NVDA PE ratio chart (forward).

When a company transforms an industry like Nvidia, it’s difficult to value a stock because of so many unknowns. With the transformation that AI brings and the vast amount of infrastructure required to make that change, Nvidia will continue to succeed, and the stock’s valuation will be a less important factor.

3. Nvidia’s dividend is growing

Another announcement Nvidia had hidden in its earnings release was a 150% dividend increase. Before the blow, it paid shareholders $0.04 per share in a quarterly dividend, for a yield of 0.016%. That essentially made the dividend a non-factor in owning the stock.

With the raise and stock split, Nvidia will now pay investors a quarterly dividend of $0.01 per share, for a yield of 0.04%. That’s still nothing impressive, but it’s the basis for a much larger payment.
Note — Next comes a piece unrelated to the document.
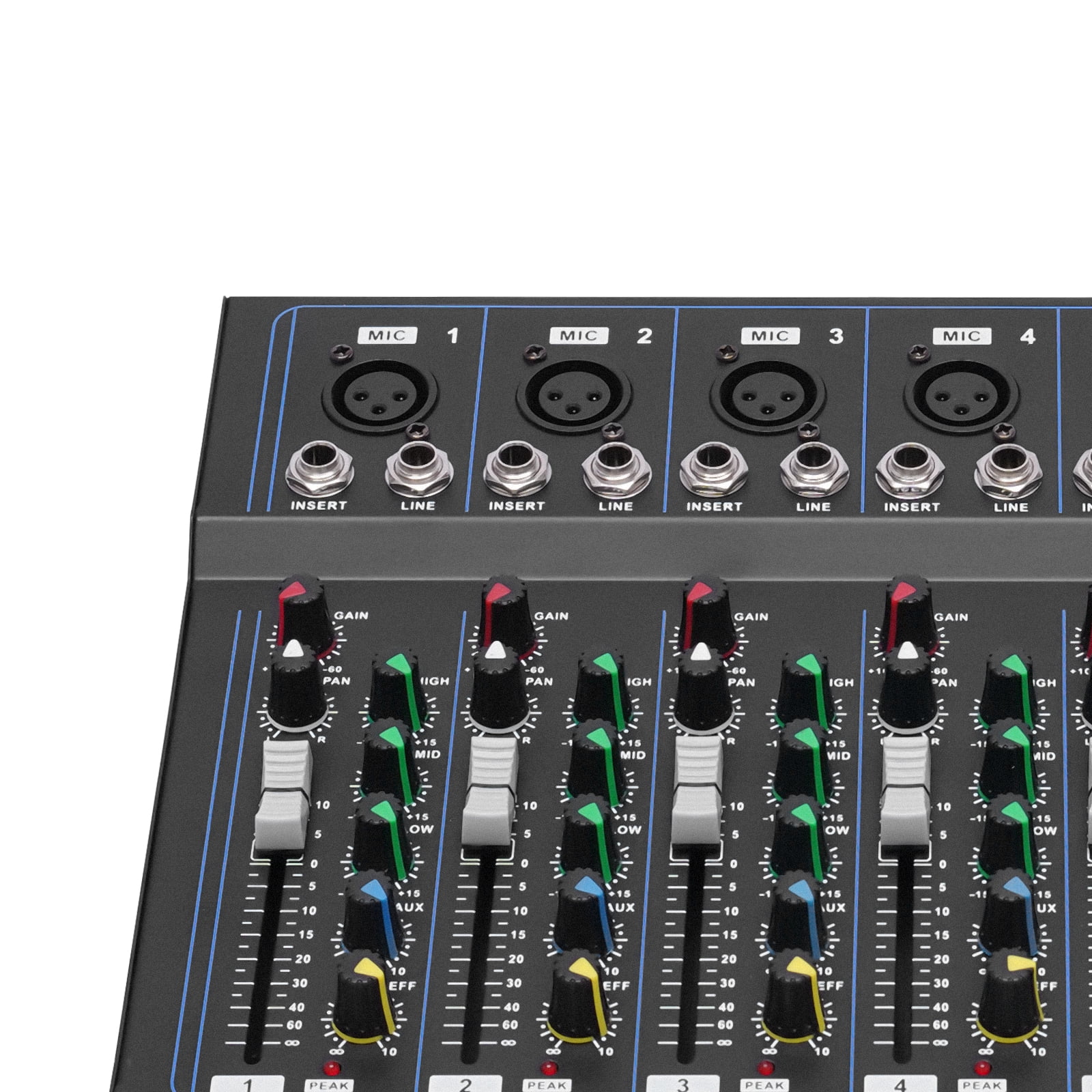 7 Channel Audio Mixer, Bluetooth Portable Audio Mixer w/USB DJ Sound Mixing Console MP3 Jack 48V Power for Computer Recording, Sounds Mixer Board For Studio Recording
A lot of investment is being made to produce the most powerful GPU possible today. Ultimately, this demand will subside and Nvidia can increase its dividend to a meaningful amount if it redirects its cash flows to return capital to shareholders.

For now, management sees more value in reinvesting cash flows in the business than in paying dividends. And so far it’s true.

None of these reasons have anything to do with the stock split itself, but that’s on purpose. Stock splits are usually cosmetic actions and only have consequences if investors do not have access to fractional shares or trading options.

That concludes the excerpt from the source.